TASK PROMPT: Print, exactly and without pictures, the lines from the one where "11 Jolly Street, Dandenong, VIC" appears down to the end of the entries.
======== SOURCE MATERIAL ========
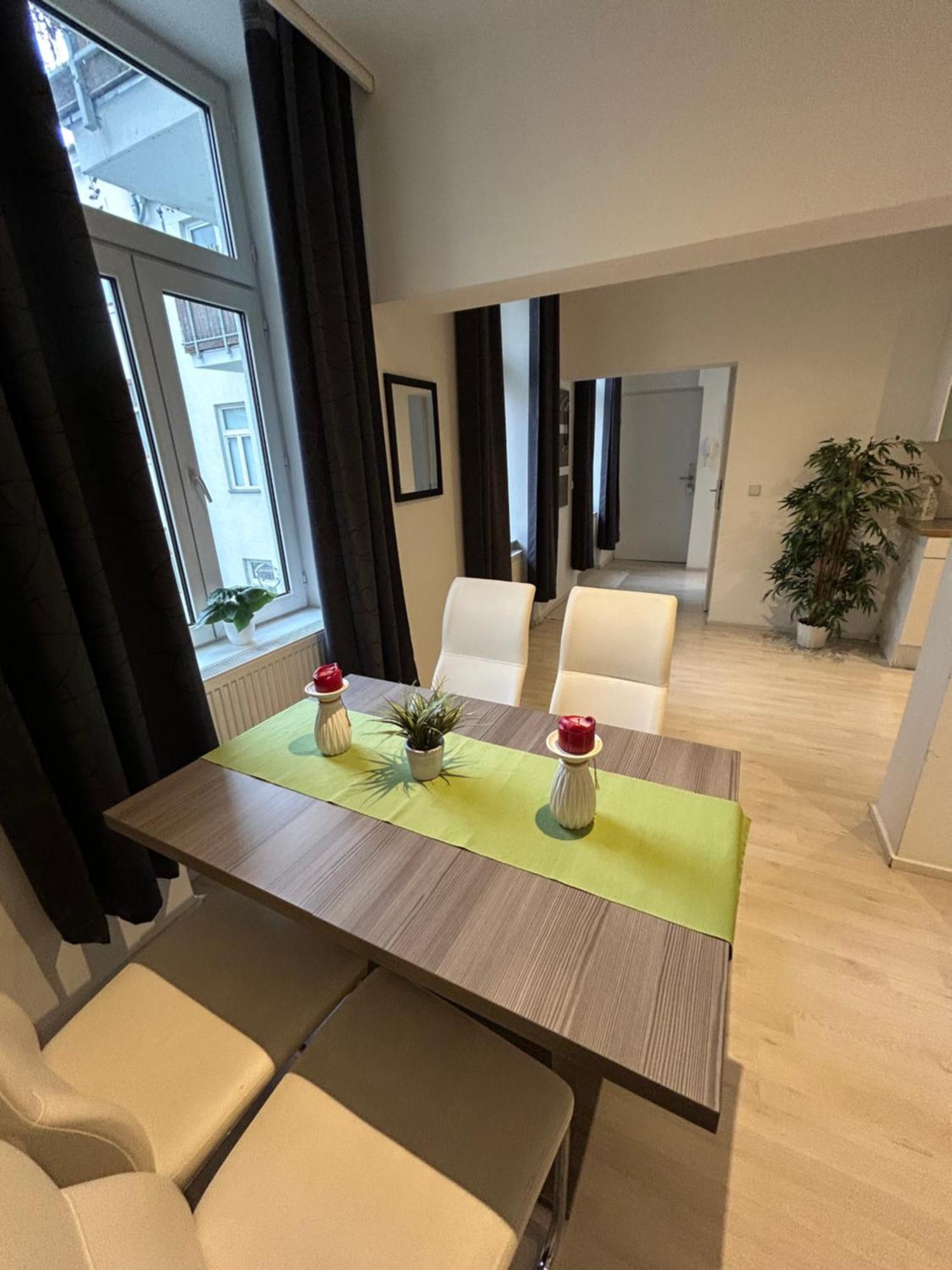 Schoene, Helle In Stadtnaehe Viena
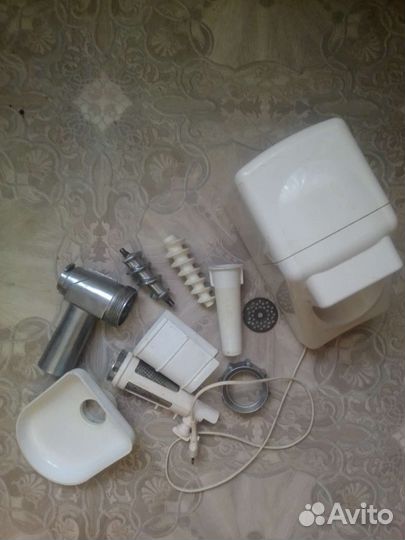 Мясорубка электрическая с соковыжималкой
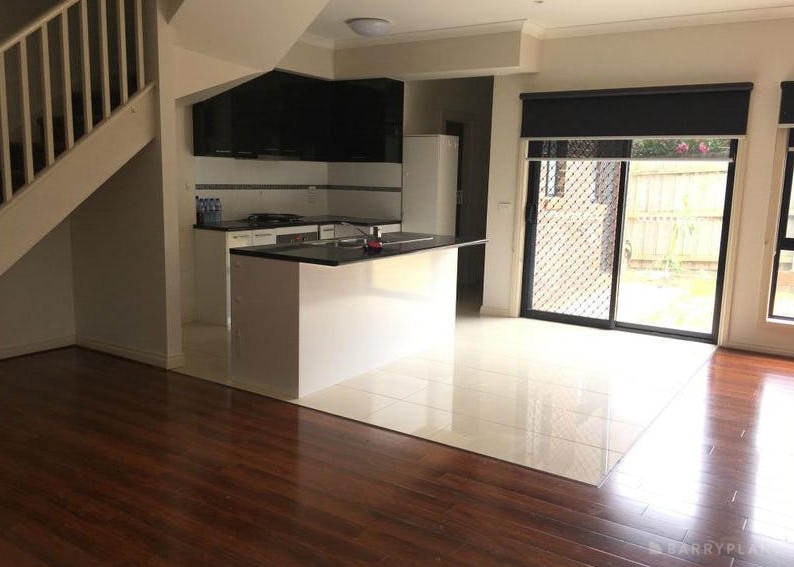 11 Jolly Street, Dandenong, VIC 3175 - Thumbnail 2 - 08/05/2025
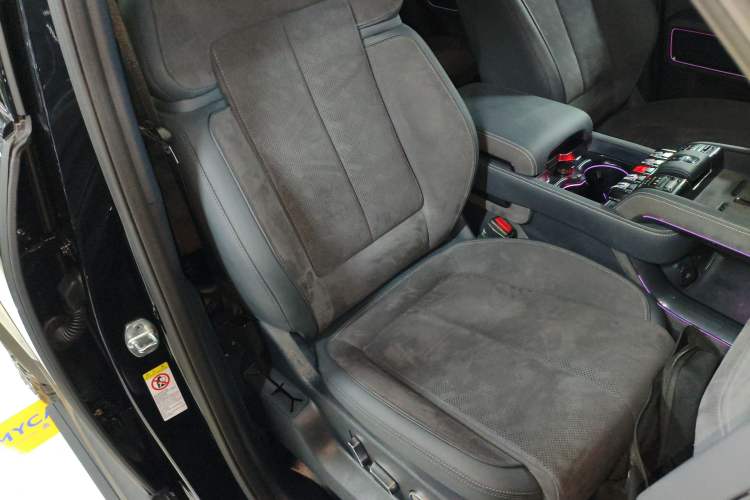 Used Formula Leopard 5 2023 Cloud Ride Flagship Edition
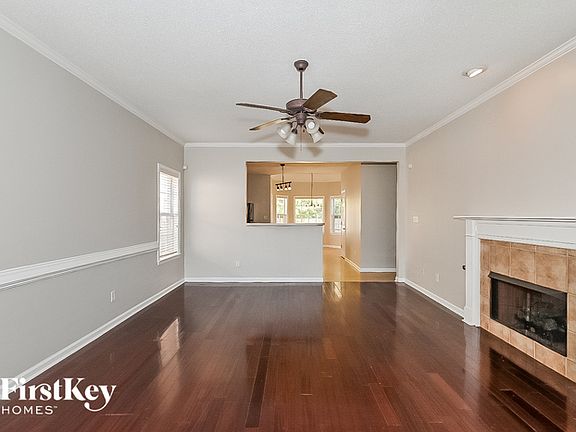 2nd image of 9156 Acadia Pl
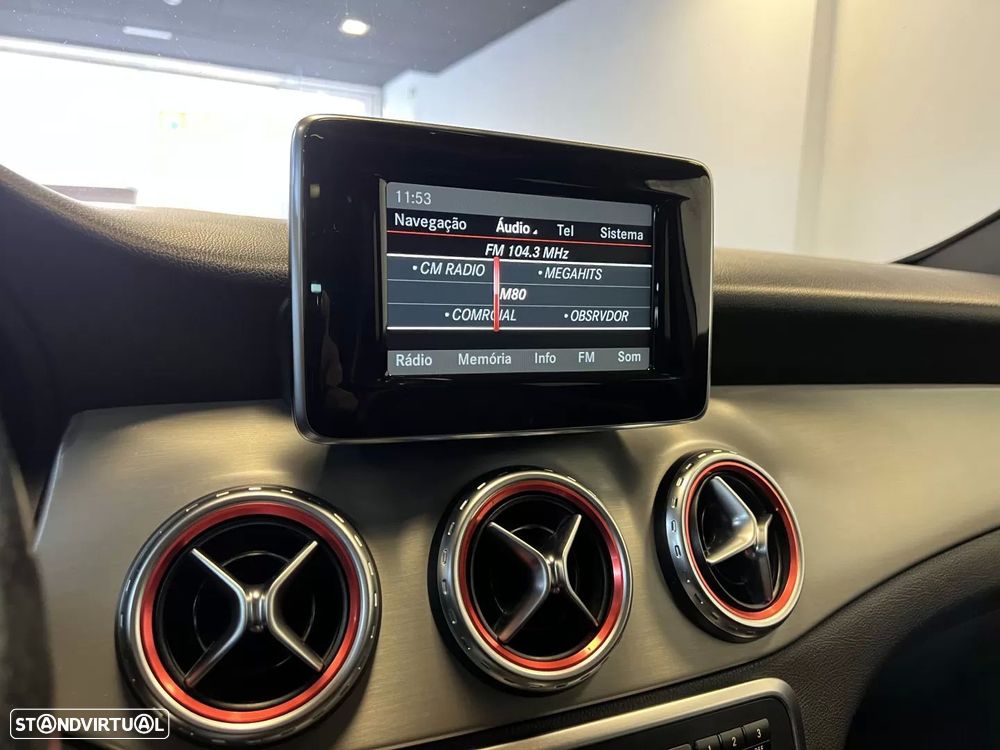 Mercedes-Benz GLA 200 d AMG Line - 14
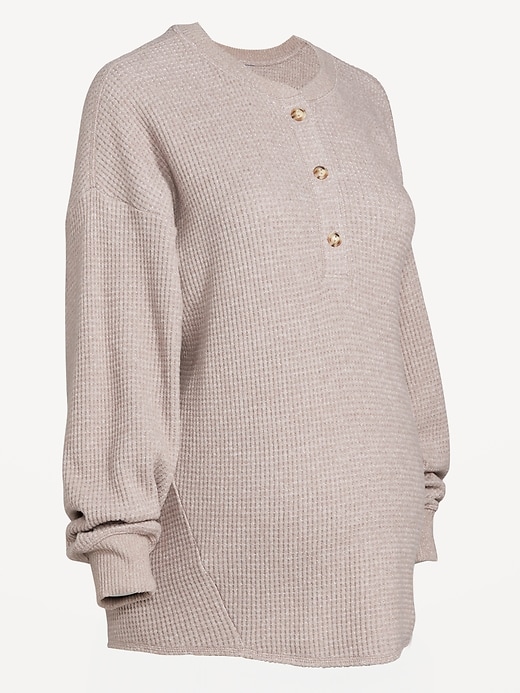 Image number 2 showing, Maternity Oversized Waffle T-Shirt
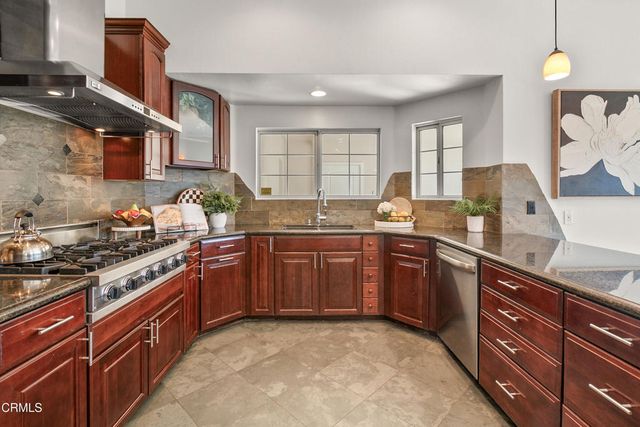 10240 Principe Place, Santa Rosa, CA 93012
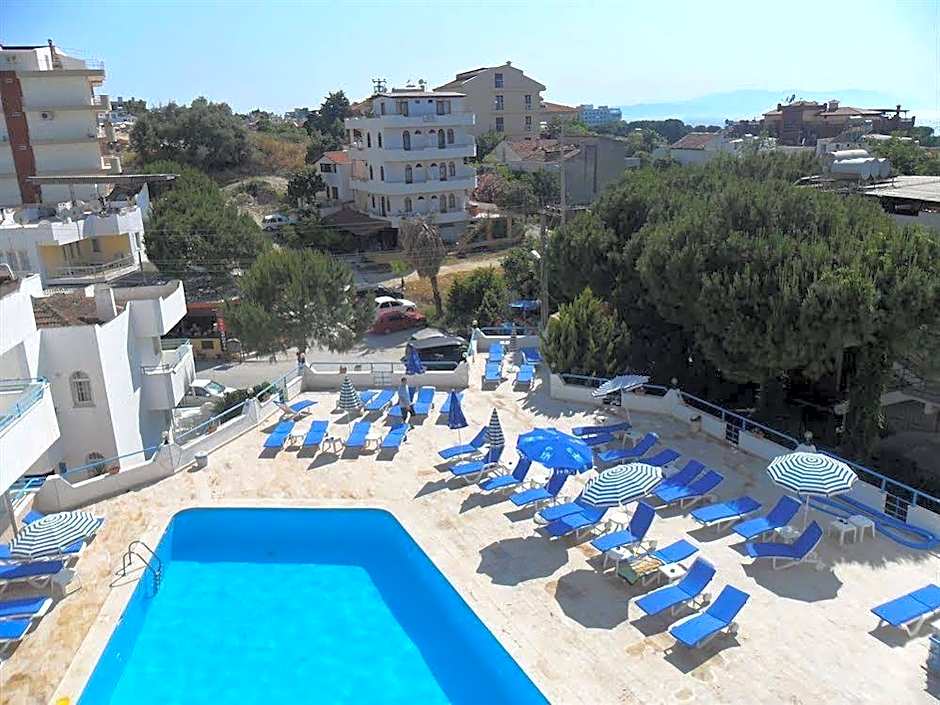 Ponz Hotel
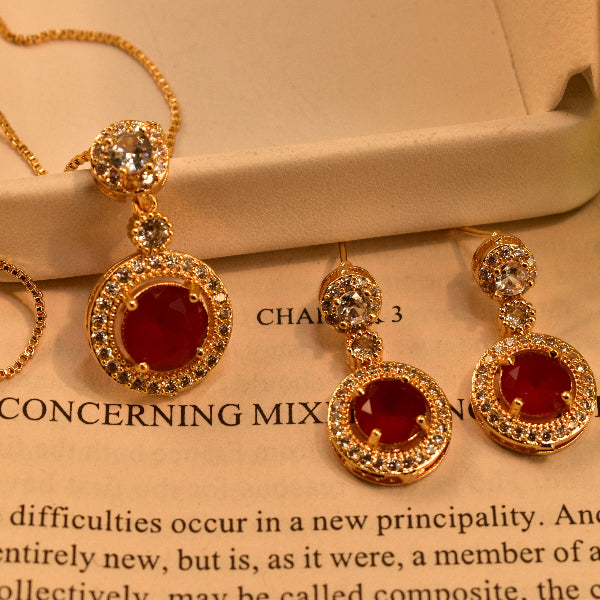 Glamorous Design Gold Plated Real Stones Necklace Set for Girls/Women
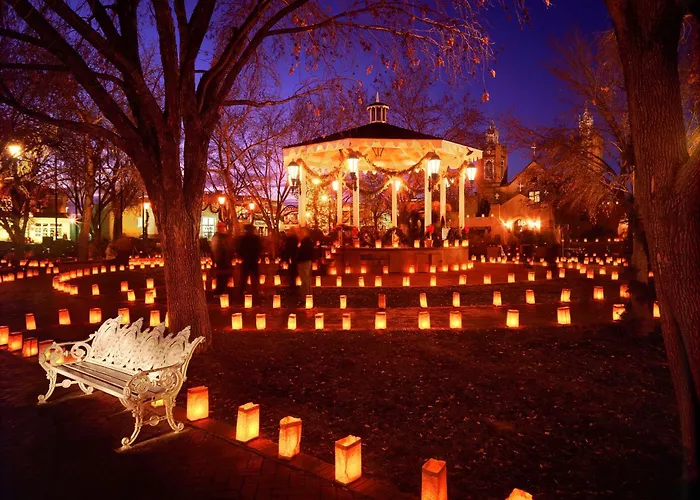 Holiday Inn Express & Suites Albuquerque Historic Old Town By Ihg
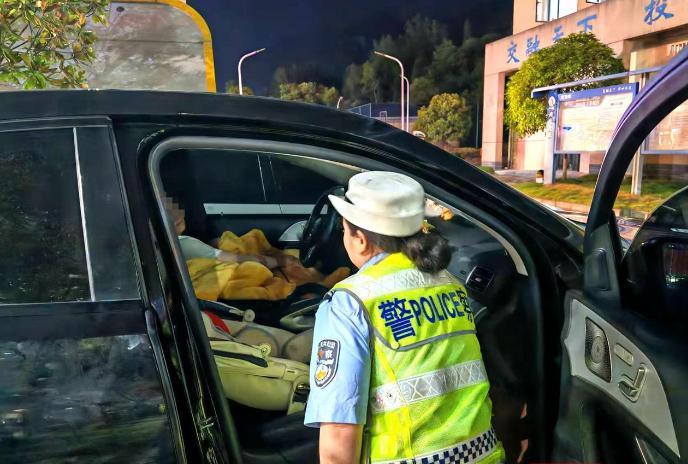 6月1日，陕西一女子跟丈夫吵架后，独自驾车带婴儿回湖南娘家，半夜高速体力不支，崩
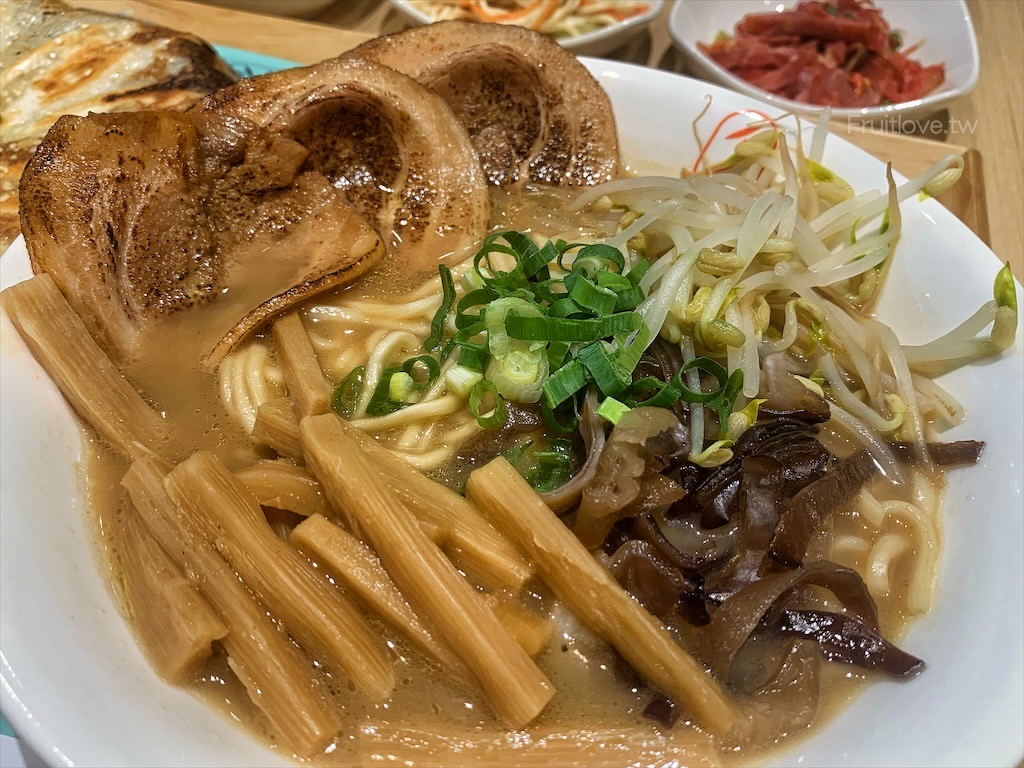 墨竹亭大里中興店-大里美食|台中大里平價麵食館，寵物友善麵食館，新竹超人氣麵食館也進軍大里，餐點口味真的沒話說，小菜精緻多樣又美味 @果果愛Fruitlove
========
RESULT:
 11 Jolly Street, Dandenong, VIC 3175 - Thumbnail 2 - 08/05/2025
 Used Formula Leopard 5 2023 Cloud Ride Flagship Edition
 2nd image of 9156 Acadia Pl
 Mercedes-Benz GLA 200 d AMG Line - 14
 Image number 2 showing, Maternity Oversized Waffle T-Shirt
 10240 Principe Place, Santa Rosa, CA 93012
 Ponz Hotel
 Glamorous Design Gold Plated Real Stones Necklace Set for Girls/Women
 Holiday Inn Express & Suites Albuquerque Historic Old Town By Ihg
 6月1日，陕西一女子跟丈夫吵架后，独自驾车带婴儿回湖南娘家，半夜高速体力不支，崩
 墨竹亭大里中興店-大里美食|台中大里平價麵食館，寵物友善麵食館，新竹超人氣麵食館也進軍大里，餐點口味真的沒話說，小菜精緻多樣又美味 @果果愛Fruitlove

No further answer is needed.